*Task brief:* Please return the records below exactly as they stand, with the pictures removed.

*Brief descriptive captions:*
=== Begin Enclosure ===
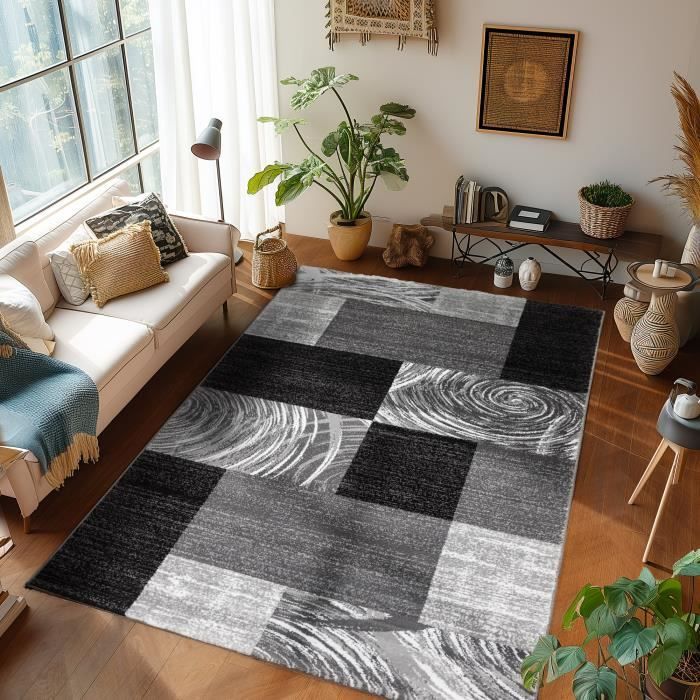 Tapis design moderne salon motif abstrait damier noir gris blanc 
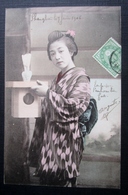 Japon  Femme Kimono   Cpa Timbrée Imperial Japanese Post - Other & Unclassified
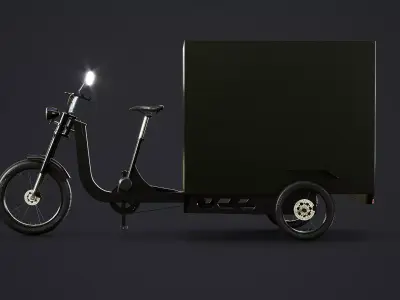 Electric Box Cargo Tricycle Delivery Bike 3D Model Low-poly 3D model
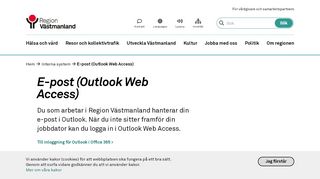 
                            8. E-post (Outlook Web Access) - Region Västmanland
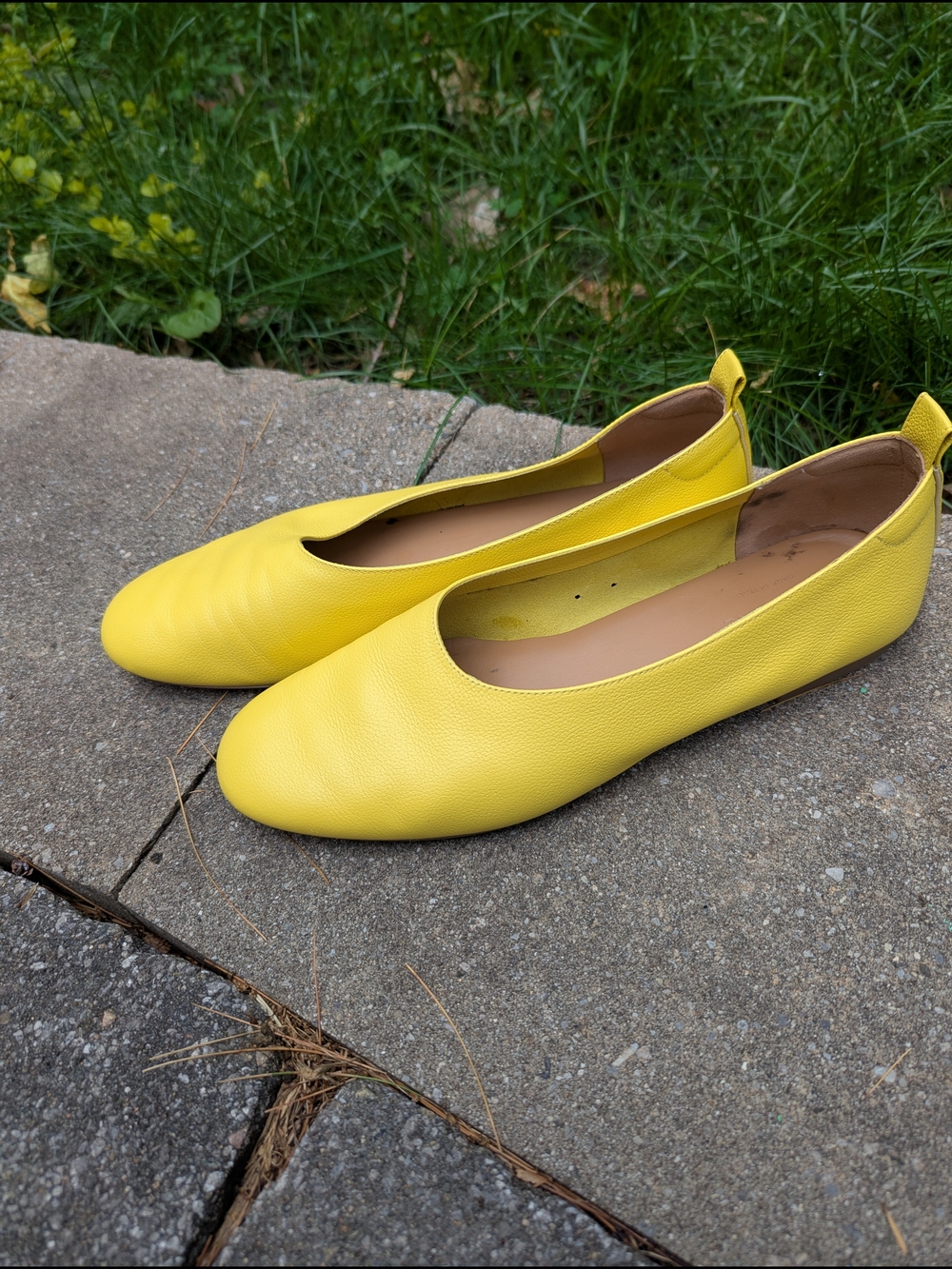 Everlane Yellow Leather Ballet Flats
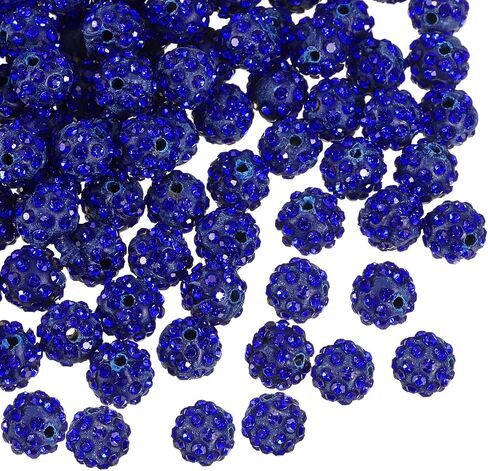 uxcell 100Pcs 8mm Rhinestone Clay Beads, Polymer Clay Crystal Bead Round Disco Shiny Ball Beads Bulk for DIY Bracelet Necklace Jewelry Making (Deep Blue) in Kuwait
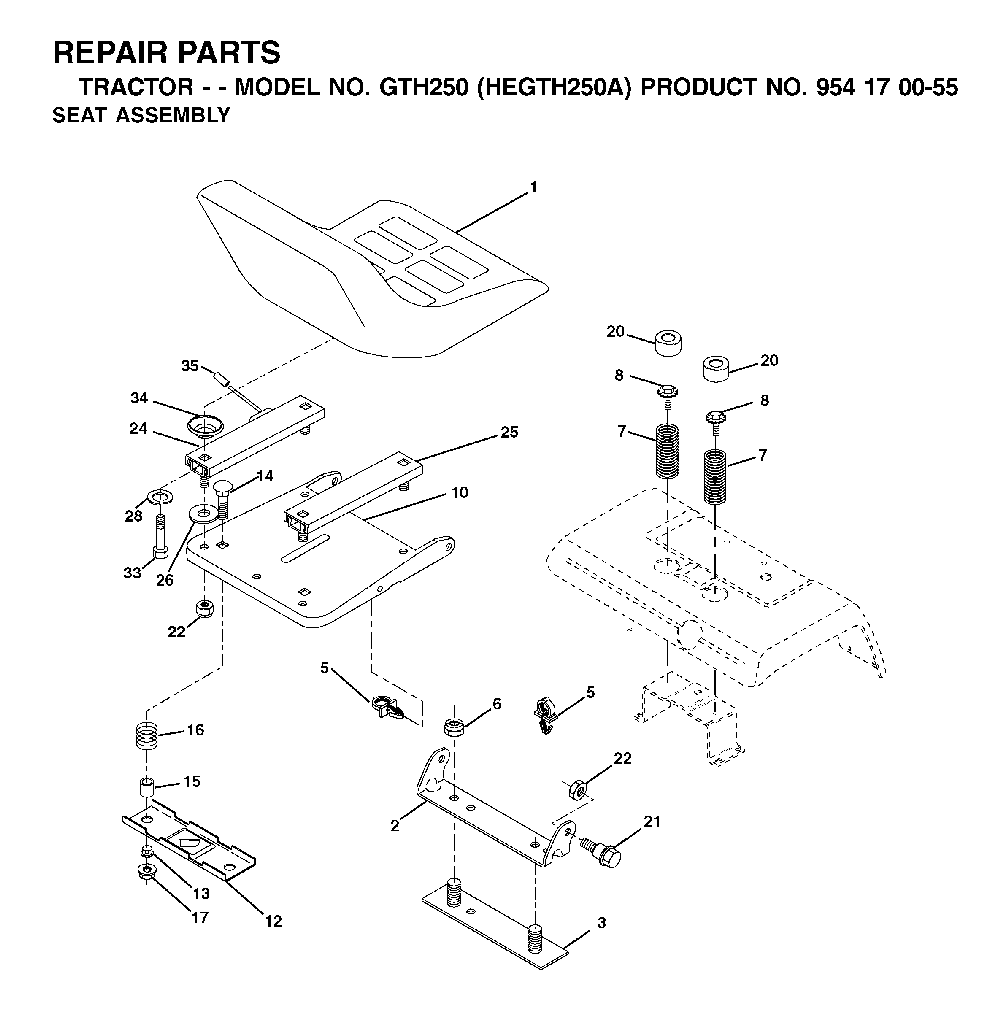Seat Diagram and Parts List for GTH250 (HEGTH250A, 954170055)(2002-03) Husqvarna Lawn Tractor
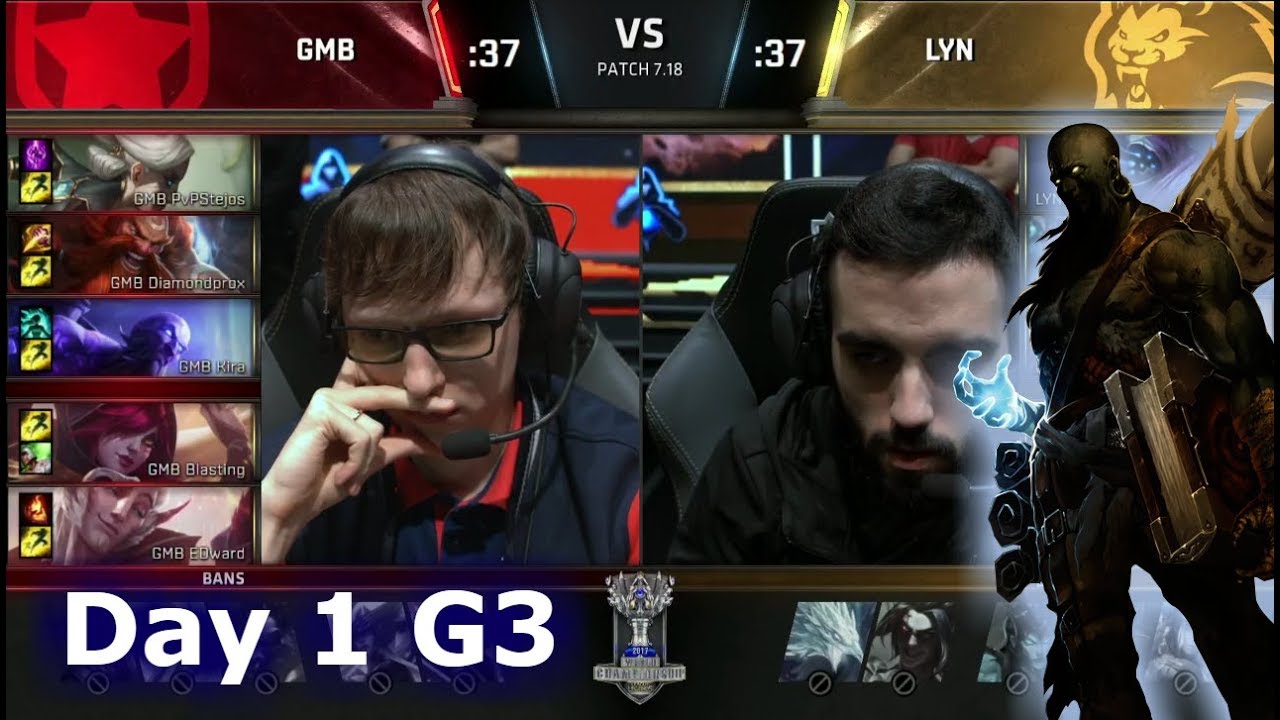 Gambit vs Lyon Gaming | Day 1 of S7 LoL Worlds 2017 Play-in Stage | GMB vs LYN G1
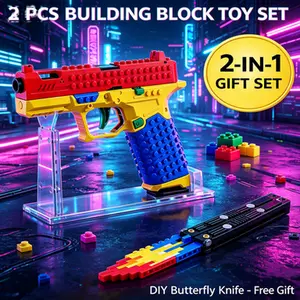 2-in-1 Building Block Set for Kids Age 6+ – Pre-Assembled Pistol (Soft Dart Launcher) + DIY Foldable Grabber You Build – Fixed Set, No Mystery – Birthday Gift for Boys & Girls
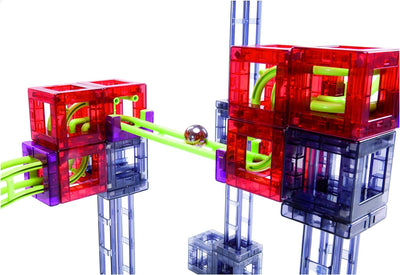 Qvolution Kugelbahn – Advanced set 72 / Kugelbahn aus Kunststoff mit starken Magneten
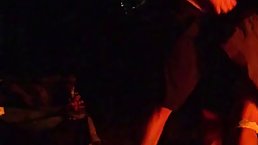 Intense creampie and shaking orgasm by camp fire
=== End Enclosure ===
*Solved problem:*
 Tapis design moderne salon motif abstrait damier noir gris blanc 
 Japon  Femme Kimono   Cpa Timbrée Imperial Japanese Post - Other & Unclassified
 Electric Box Cargo Tricycle Delivery Bike 3D Model Low-poly 3D model
                            8. E-post (Outlook Web Access) - Region Västmanland
 Everlane Yellow Leather Ballet Flats
 uxcell 100Pcs 8mm Rhinestone Clay Beads, Polymer Clay Crystal Bead Round Disco Shiny Ball Beads Bulk for DIY Bracelet Necklace Jewelry Making (Deep Blue) in Kuwait
Seat Diagram and Parts List for GTH250 (HEGTH250A, 954170055)(2002-03) Husqvarna Lawn Tractor
 Gambit vs Lyon Gaming | Day 1 of S7 LoL Worlds 2017 Play-in Stage | GMB vs LYN G1
 2-in-1 Building Block Set for Kids Age 6+ – Pre-Assembled Pistol (Soft Dart Launcher) + DIY Foldable Grabber You Build – Fixed Set, No Mystery – Birthday Gift for Boys & Girls
 Qvolution Kugelbahn – Advanced set 72 / Kugelbahn aus Kunststoff mit starken Magneten
 Intense creampie and shaking orgasm by camp fire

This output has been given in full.